長篠の戦いのとき、長篠城を攻める武田勝頼が本陣をしいていたのが、この医王寺のあたりだったといわれている。寺の奥へ入っていくと石碑や資料館もあったようなのけど、時間がなかったので省略した。長篠周辺は長篠合戦の跡がいろいろ残っているから、戦国野郎、戦国お嬢にとってはなかなか興味深いところだ。

蓮の花は、3回開いて、3回閉じるを繰り返す。4回目に開いたらそのまま閉じずに花びらを散らす。最初に開くときは早朝から1時間程度で、2回目以降だんだん咲いている時間を延ばしていき、最後は夕方まで開いている。
花が開くときにポンと音がするというのは本当ではない。誰も聞いたことがないから。自分は聞いたぞというのはきっと空耳だ。
今年は無理でも来年以降のいつか、私も早朝の蓮名所に繰り出していって、一度くらいはちゃんと蓮の写真を撮りたいと思っている。2000年前の地層から現代によみがえった古代蓮、大賀蓮を本場の千葉まで見に行ってみたい。愛知県にも大賀蓮はあるけど、やっぱりロマンの問題として大賀博士に育てたところで見てみたいというのがある。冬に行ったときは一面の枯れ蓮となっていた上野不忍池は今頃一面の蓮の花となっているだろうか。
ヤマユリはまた来年と思っている。今年はあまりにも元気がなかったから、来年も様子を見に行かないと。もしかしたら、あのまま絶滅に向かってしまうのではないかと心配だ。そんなことにならなければいいけど。

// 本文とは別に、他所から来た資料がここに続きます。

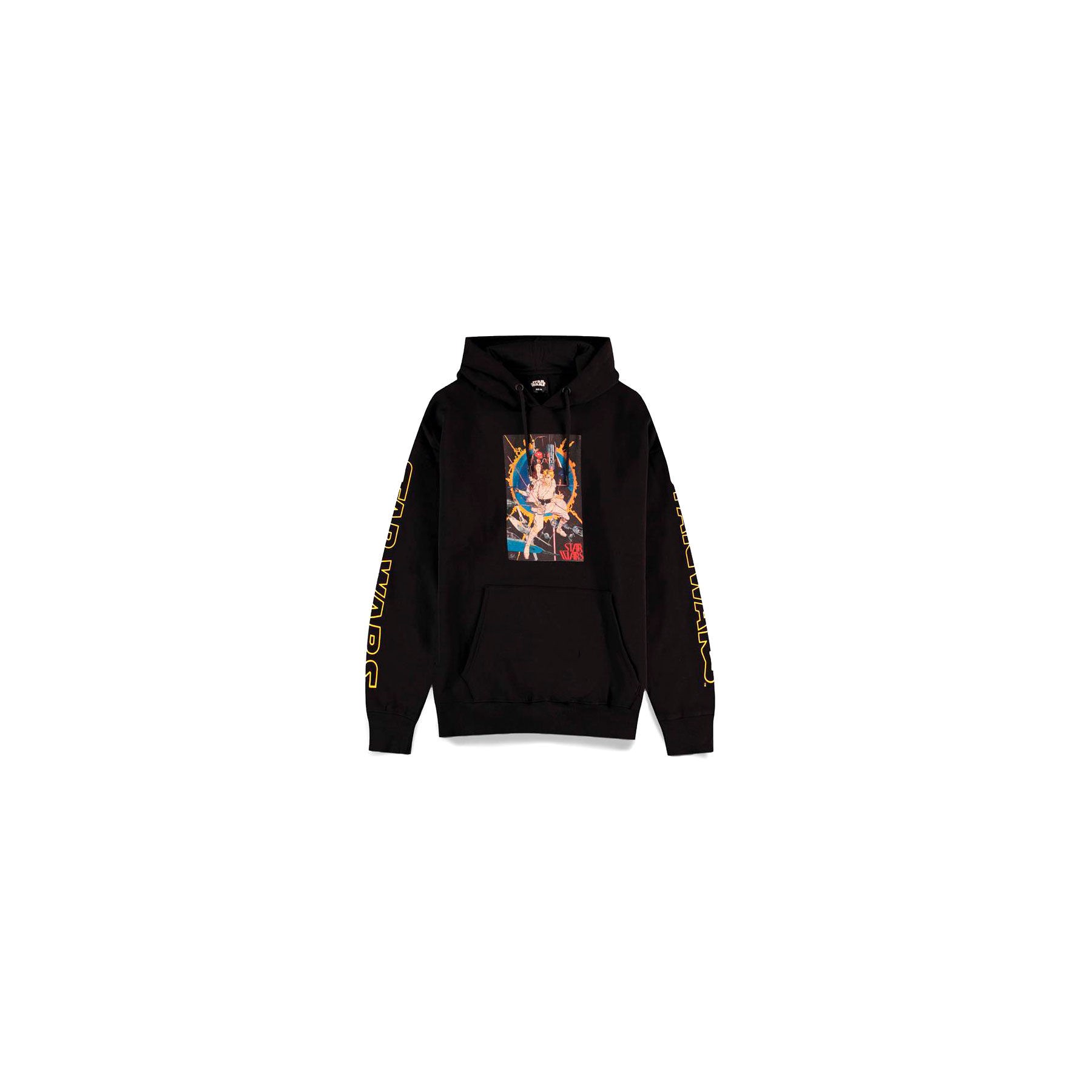 Sudadera capucha Vintage Poster Star Wars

今度は愛知県民の森まで足を伸ばしてみてもいい。どこかもっと穴場はないものだろうか。
一年後のことを思うと気の長い話だけど、去年のことを振り返ってみると、もう一年が経ったんだなぁと感慨深い。毎年楽しみにすることが増えるというのはいいことだ。季節の花を追いかけていれば、春から秋までは楽しみが続く。また明日、という言葉が私は好きなのだけど、また来年、という言葉も最近好きになってきた。鳳来寺のヤマユリさんたち、また来年会いにいきますね。今度は元気な姿を見せてくださいね。